TASK TO CARRY OUT >>
Each record below needs to be retyped exactly.

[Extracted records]
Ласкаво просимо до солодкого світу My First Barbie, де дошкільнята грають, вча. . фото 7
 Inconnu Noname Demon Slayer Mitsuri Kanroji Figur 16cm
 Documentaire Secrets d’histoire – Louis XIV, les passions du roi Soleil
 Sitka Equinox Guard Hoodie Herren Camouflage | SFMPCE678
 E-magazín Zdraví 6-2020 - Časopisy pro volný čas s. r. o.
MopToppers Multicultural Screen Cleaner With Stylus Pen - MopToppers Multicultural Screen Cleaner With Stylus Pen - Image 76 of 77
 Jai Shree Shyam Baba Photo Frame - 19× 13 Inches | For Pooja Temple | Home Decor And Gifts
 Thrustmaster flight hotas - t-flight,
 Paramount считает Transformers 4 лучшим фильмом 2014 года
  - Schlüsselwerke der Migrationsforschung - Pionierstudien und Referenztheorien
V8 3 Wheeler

ANSWER TO THIS PROBLEM >>
Ласкаво просимо до солодкого світу My First Barbie, де дошкільнята грають, вча. . фото 7
 Inconnu Noname Demon Slayer Mitsuri Kanroji Figur 16cm
 Documentaire Secrets d’histoire – Louis XIV, les passions du roi Soleil
 Sitka Equinox Guard Hoodie Herren Camouflage | SFMPCE678
 E-magazín Zdraví 6-2020 - Časopisy pro volný čas s. r. o.
MopToppers Multicultural Screen Cleaner With Stylus Pen - MopToppers Multicultural Screen Cleaner With Stylus Pen - Image 76 of 77
 Jai Shree Shyam Baba Photo Frame - 19× 13 Inches | For Pooja Temple | Home Decor And Gifts
 Thrustmaster flight hotas - t-flight,
 Paramount считает Transformers 4 лучшим фильмом 2014 года
  - Schlüsselwerke der Migrationsforschung - Pionierstudien und Referenztheorien
V8 3 Wheeler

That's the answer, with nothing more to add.